When you reach the line below that has "Welcome to the", start returning lines exactly, and stop after the line that has "If you still"; skip the pictures.

Dataset entries:
§

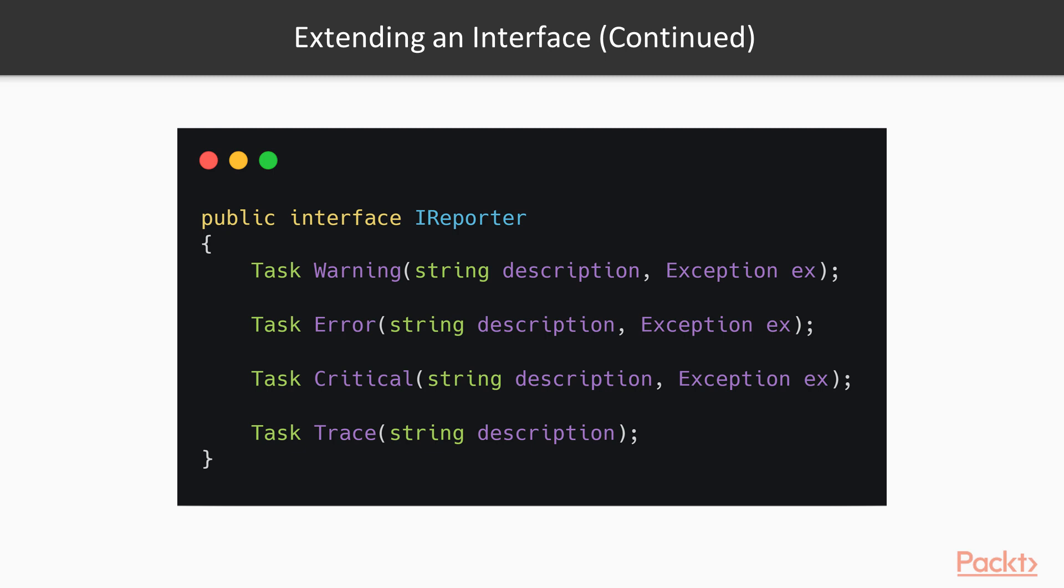This means that both the console reporter and the file reporter classes that both implement this interface should have the same implementation for the trace method. Why should we repeat ourselves by copying and pasting the exact same implementation in both classes?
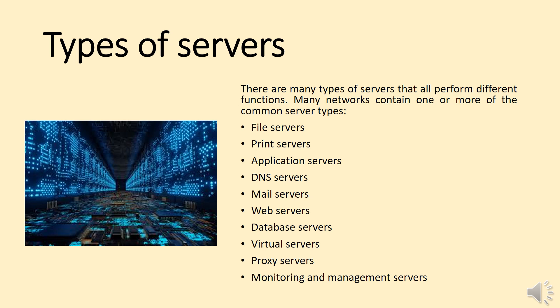File Servers, Print Servers, Application Servers, DNS Servers, Mail Servers, Web Servers, Database Servers, Virtual Servers, Proxy Servers, and Monitoring and Management Servers.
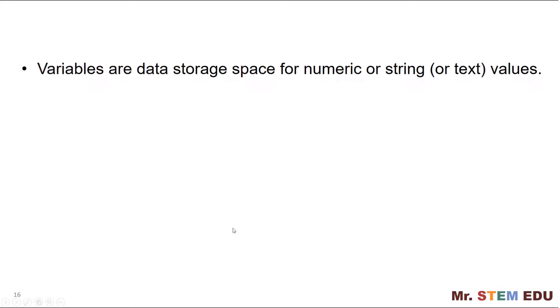Variables are data storage space for numeric or string values. The string is basically text. The main benefit of using variables instead of directly using the data themselves is that we can reuse them by calling the variable names when needed.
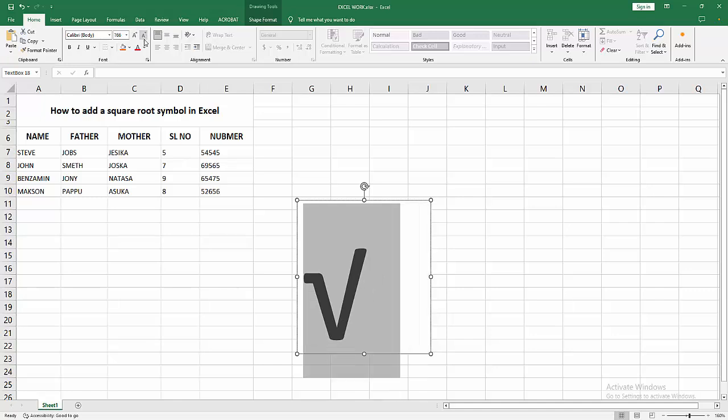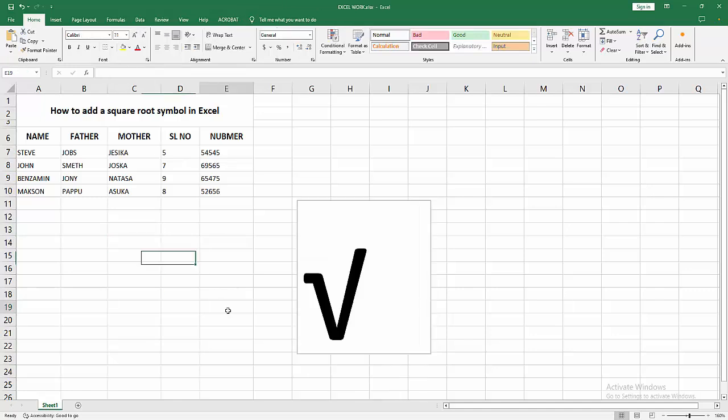Then we can see we added a square root symbol in Excel very easily. I hope you enjoyed my video. Please like, comment, share and subscribe to my channel. Thanks for watching.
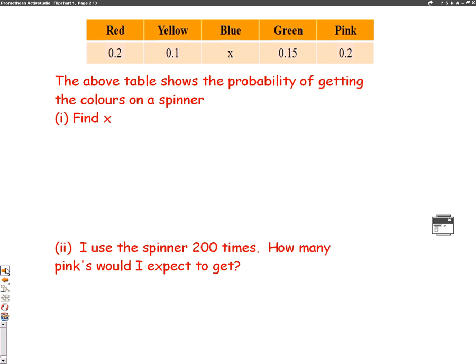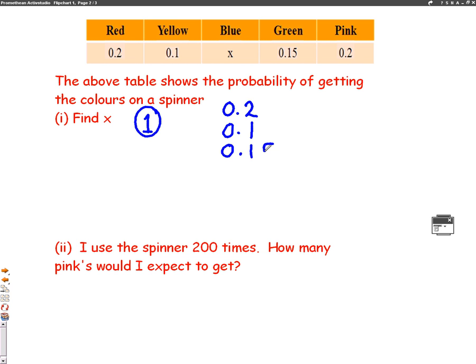Find x. For the first part of the question, we need to know one thing: the probabilities will always add up to 1. So what we need to do is add up the probabilities that we've already got — 0.2, 0.1, 0.15 and 0.2.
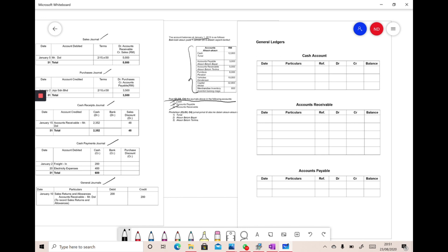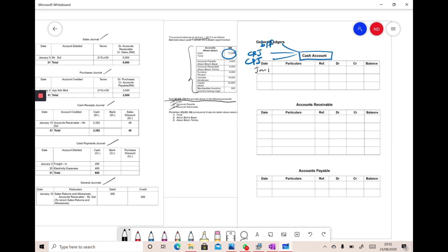Now we go to the cash account. Before we prepare it, we must look at three things: the brought forward balance of the cash account, the cash receipts journal, and the cash payments journal. First, we refer to the brought forward balance — cash is 12,000. So we write January 1, BF, and put the balance 12,000 in the balance column.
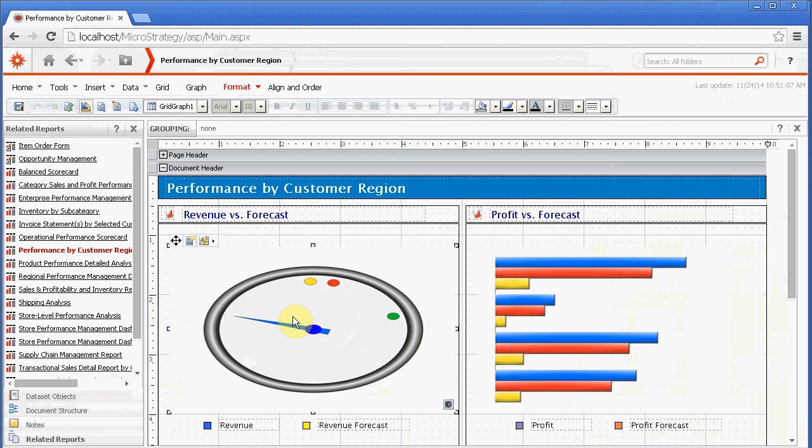So this demo, again, is just to get your feet wet with custom visualizations, whether in the grids and graph or inside the dashboards. And there's a lot you can do with this, but this will get you started. And look out for more videos where we're going to start talking about specific widgets or specific custom visualizations. Thank you.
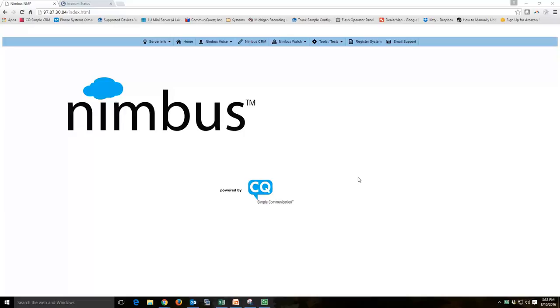Hello, this is Mark from CQ Simple. I'd like to talk to you today about the abilities of the Nimbus platform to utilize multicast paging.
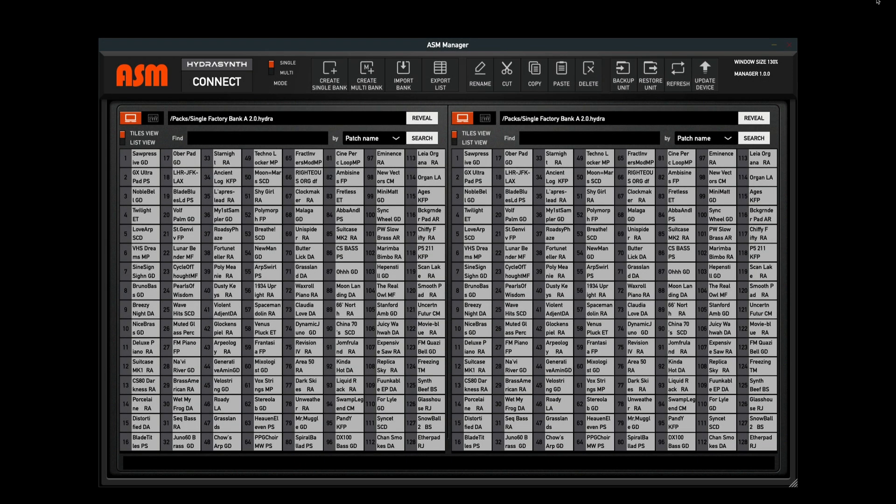Welcome to the ASM Manager. This software is designed to ease the process of updating your Hydrasynth and managing your patch libraries. Functions include sorting and organizing banks with new convenient views, organizational tools such as renaming functions and exporting patch lists, importing and exporting banks for easy transport between devices, and the ability to back up and restore your Hydrasynth.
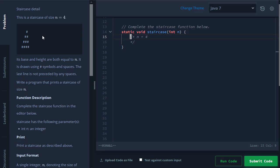Alright, welcome back to another HackerRank video. In this video, we're just going to be practicing our for loops in order to build a staircase using symbols and spaces.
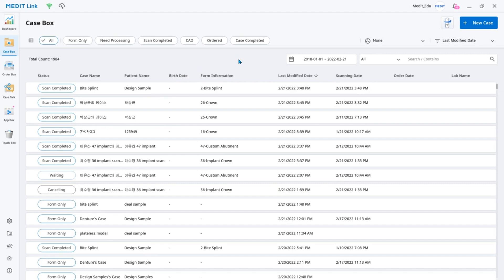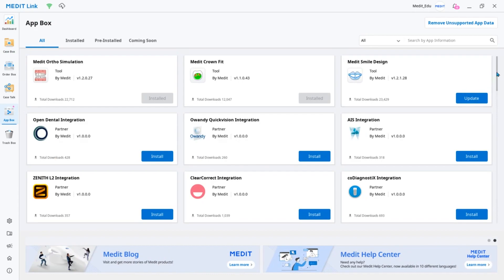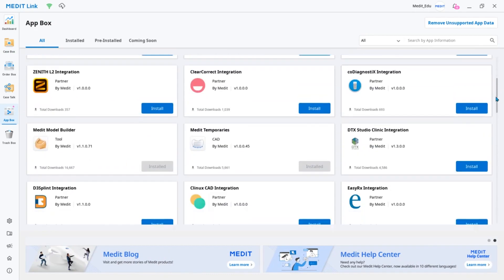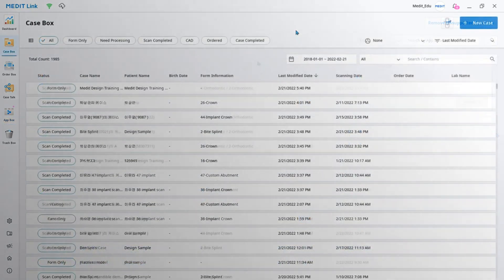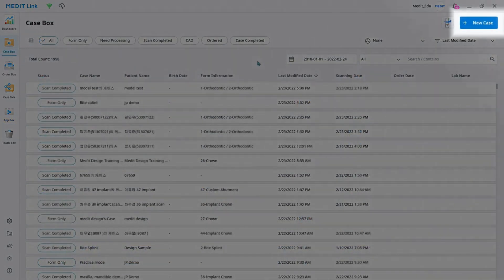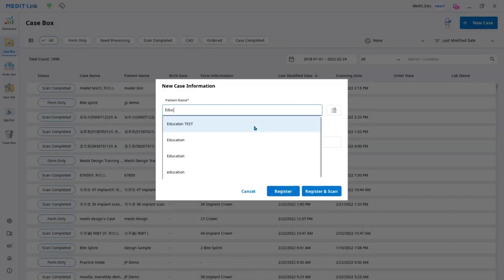If you still don't have Medit Design, go to the App box and install the latest version of the app. To run the app, create a new case and click the Medit Design icon on the top.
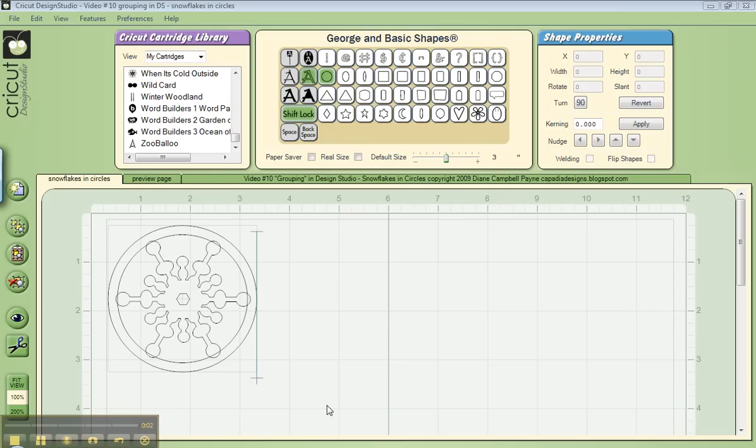Hi, it's Diane again at Kapadia Designs, and I promised you I would show you how I go about putting snowflakes into circles and making that a shape that can be adjusted to whatever size you want.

§

COMPLETED TASK:
Welcome to the ASM Manager. This software is designed to ease the process of updating your Hydrasynth and managing your patch libraries. Functions include sorting and organizing banks with new convenient views, organizational tools such as renaming functions and exporting patch lists, importing and exporting banks for easy transport between devices, and the ability to back up and restore your Hydrasynth.
Alright, welcome back to another HackerRank video. In this video, we're just going to be practicing our for loops in order to build a staircase using symbols and spaces.
If you still don't have Medit Design, go to the App box and install the latest version of the app. To run the app, create a new case and click the Medit Design icon on the top.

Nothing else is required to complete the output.